══ Collected data
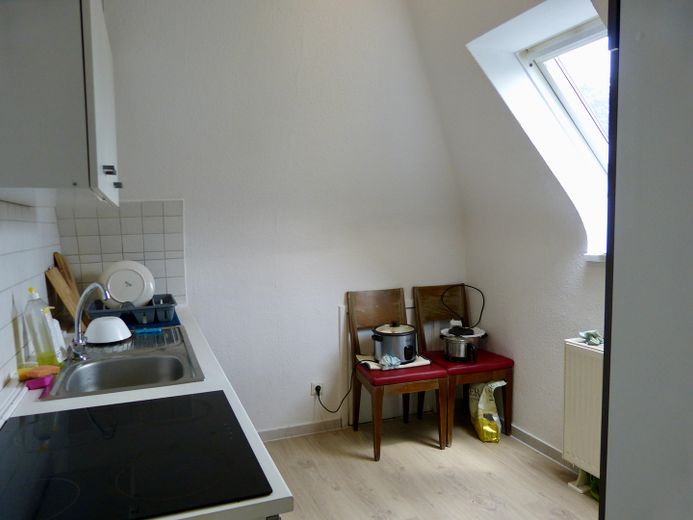 Gepflegte Dachgeschosswohnung mit Einbauküche – ideal für Paare, Singles oder als WG – Küche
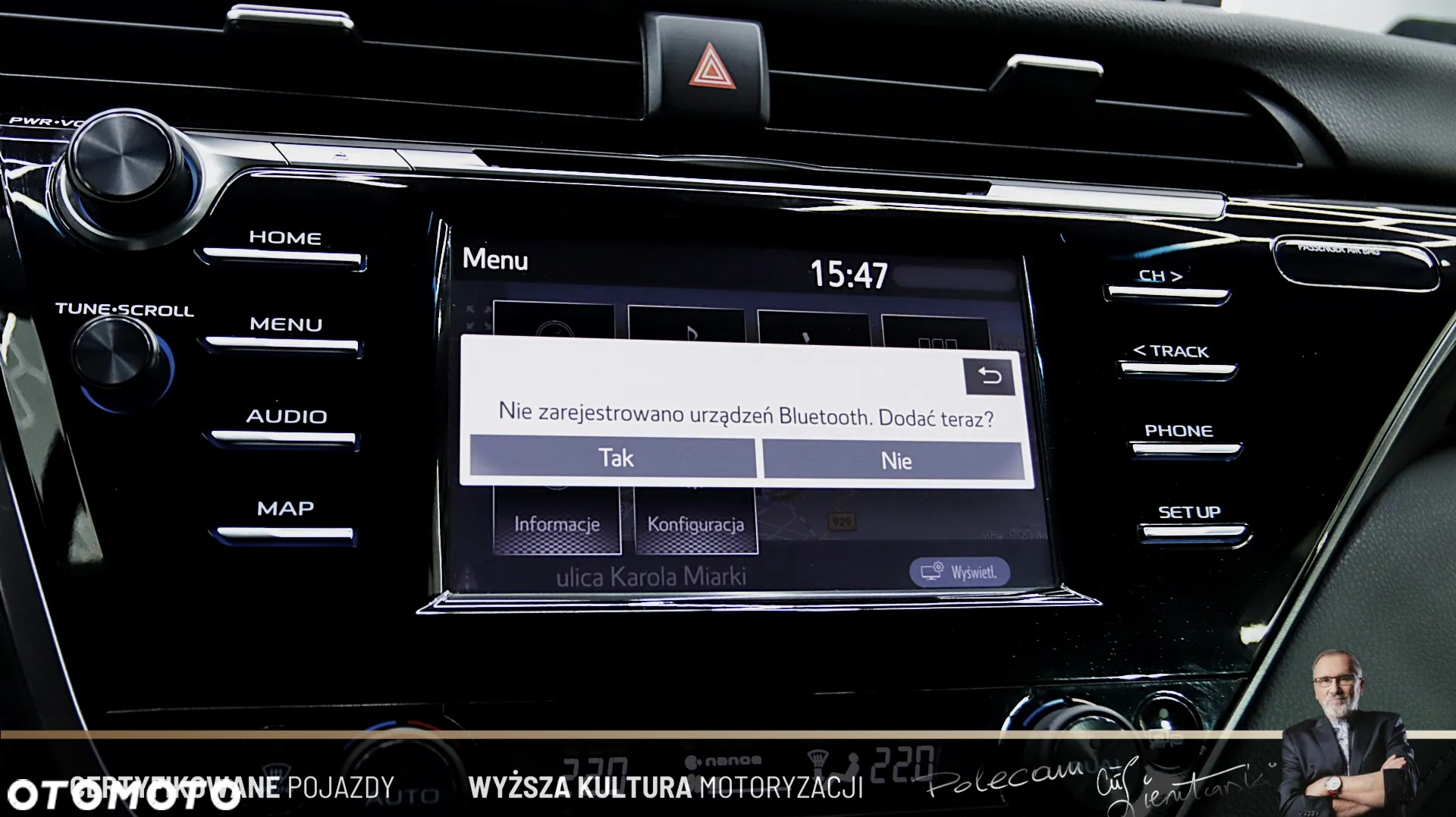 Toyota Camry 2.5 Hybrid Comfort CVT - 26
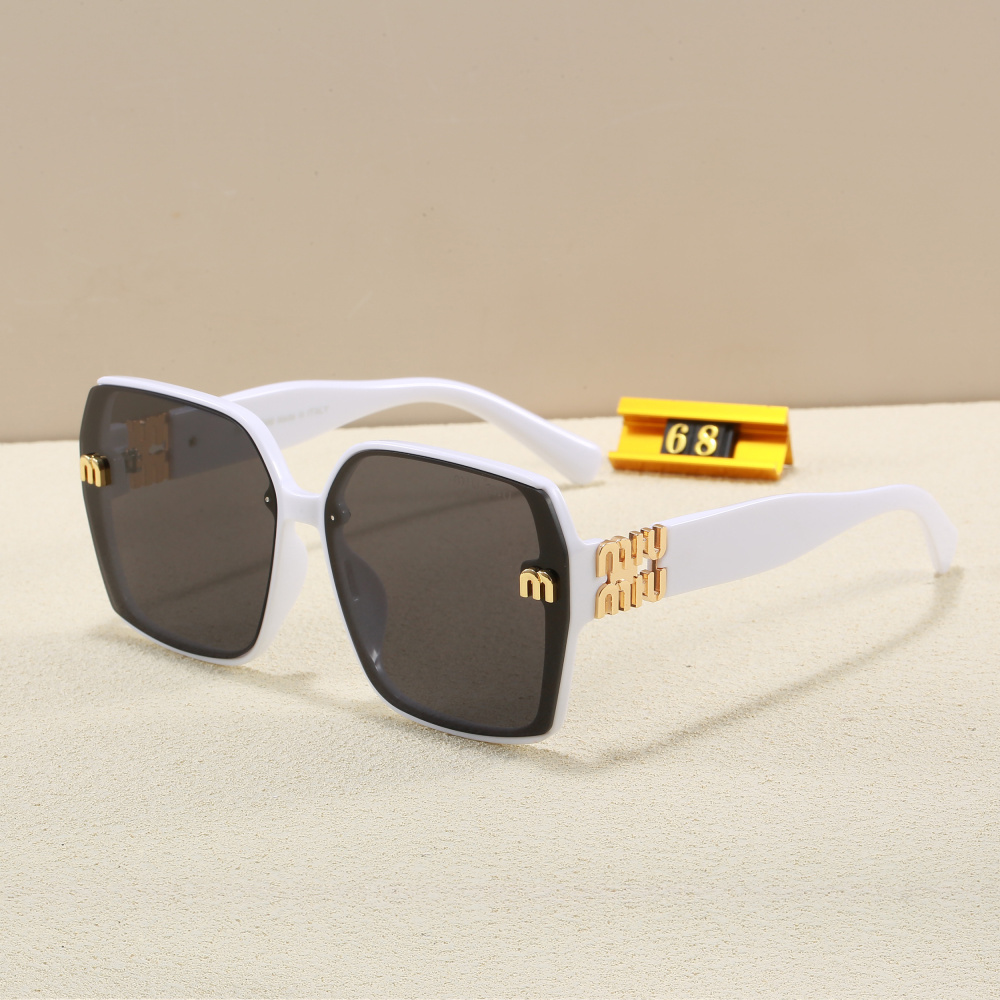 MIUMIU glasses with case 68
════
Omit pictures and output the listing exactly.

_Answer space_:
 Gepflegte Dachgeschosswohnung mit Einbauküche – ideal für Paare, Singles oder als WG – Küche
 Toyota Camry 2.5 Hybrid Comfort CVT - 26
 MIUMIU glasses with case 68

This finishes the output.